_INFORMATION SHOWN:_
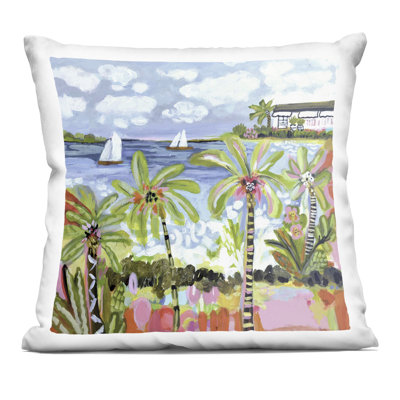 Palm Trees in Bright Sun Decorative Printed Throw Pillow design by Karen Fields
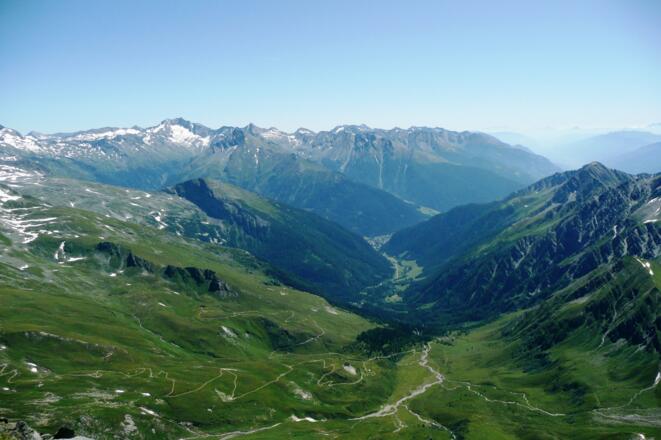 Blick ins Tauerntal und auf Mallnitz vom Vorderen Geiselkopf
---
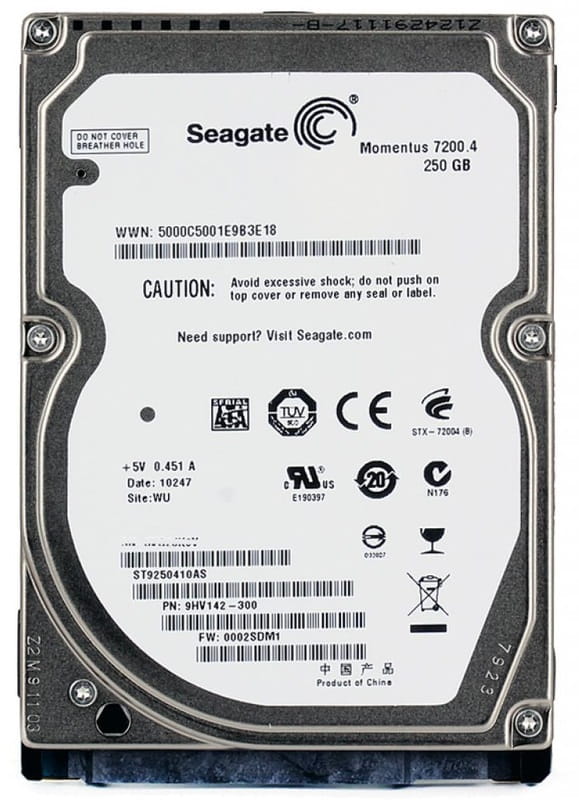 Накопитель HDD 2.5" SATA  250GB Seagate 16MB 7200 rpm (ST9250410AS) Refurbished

_WHAT NEEDS TO BE DONE:_
Beginning with the line above that has "Palm Trees in" and going on through the line that has "Blick ins Tauerntal", retype every line exactly and add nothing else; drop the pictures.

_TASK SOLUTION:_
 Palm Trees in Bright Sun Decorative Printed Throw Pillow design by Karen Fields
 Blick ins Tauerntal und auf Mallnitz vom Vorderen Geiselkopf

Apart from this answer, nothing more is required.